## Requirement
Find the line below that contains "White baking flour". Transcribe it and every line after it exactly, adding nothing.
-- Opening Marker --
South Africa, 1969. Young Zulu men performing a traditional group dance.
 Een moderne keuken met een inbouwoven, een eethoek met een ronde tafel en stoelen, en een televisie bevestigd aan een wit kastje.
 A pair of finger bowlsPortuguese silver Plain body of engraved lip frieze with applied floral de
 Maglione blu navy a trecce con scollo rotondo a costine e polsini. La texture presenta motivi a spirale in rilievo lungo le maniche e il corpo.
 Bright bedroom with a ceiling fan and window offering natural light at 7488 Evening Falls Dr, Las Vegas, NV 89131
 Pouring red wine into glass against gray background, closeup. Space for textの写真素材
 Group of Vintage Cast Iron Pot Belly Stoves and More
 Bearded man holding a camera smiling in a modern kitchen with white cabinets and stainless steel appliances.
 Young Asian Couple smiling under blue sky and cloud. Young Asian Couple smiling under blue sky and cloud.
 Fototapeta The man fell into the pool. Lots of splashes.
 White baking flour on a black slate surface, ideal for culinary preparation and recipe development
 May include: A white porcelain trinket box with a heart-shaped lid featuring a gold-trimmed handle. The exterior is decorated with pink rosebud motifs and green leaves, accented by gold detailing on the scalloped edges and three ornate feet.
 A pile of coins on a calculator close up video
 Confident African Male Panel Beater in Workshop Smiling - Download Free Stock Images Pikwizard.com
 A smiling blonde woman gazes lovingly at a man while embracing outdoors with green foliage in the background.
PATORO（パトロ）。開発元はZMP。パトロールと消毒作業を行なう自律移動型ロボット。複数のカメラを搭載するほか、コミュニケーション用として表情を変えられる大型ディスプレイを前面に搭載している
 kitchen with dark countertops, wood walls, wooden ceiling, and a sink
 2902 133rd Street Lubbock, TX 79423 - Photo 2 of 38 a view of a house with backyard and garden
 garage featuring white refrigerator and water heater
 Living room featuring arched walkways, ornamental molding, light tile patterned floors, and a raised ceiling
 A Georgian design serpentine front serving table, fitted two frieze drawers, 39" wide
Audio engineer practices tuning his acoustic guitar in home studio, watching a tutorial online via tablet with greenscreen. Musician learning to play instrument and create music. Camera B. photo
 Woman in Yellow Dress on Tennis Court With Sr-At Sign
-- Closing Marker --
## Result for this exercise
 White baking flour on a black slate surface, ideal for culinary preparation and recipe development
 May include: A white porcelain trinket box with a heart-shaped lid featuring a gold-trimmed handle. The exterior is decorated with pink rosebud motifs and green leaves, accented by gold detailing on the scalloped edges and three ornate feet.
 A pile of coins on a calculator close up video
 Confident African Male Panel Beater in Workshop Smiling - Download Free Stock Images Pikwizard.com
 A smiling blonde woman gazes lovingly at a man while embracing outdoors with green foliage in the background.
PATORO（パトロ）。開発元はZMP。パトロールと消毒作業を行なう自律移動型ロボット。複数のカメラを搭載するほか、コミュニケーション用として表情を変えられる大型ディスプレイを前面に搭載している
 kitchen with dark countertops, wood walls, wooden ceiling, and a sink
 2902 133rd Street Lubbock, TX 79423 - Photo 2 of 38 a view of a house with backyard and garden
 garage featuring white refrigerator and water heater
 Living room featuring arched walkways, ornamental molding, light tile patterned floors, and a raised ceiling
 A Georgian design serpentine front serving table, fitted two frieze drawers, 39" wide
Audio engineer practices tuning his acoustic guitar in home studio, watching a tutorial online via tablet with greenscreen. Musician learning to play instrument and create music. Camera B. photo
 Woman in Yellow Dress on Tennis Court With Sr-At Sign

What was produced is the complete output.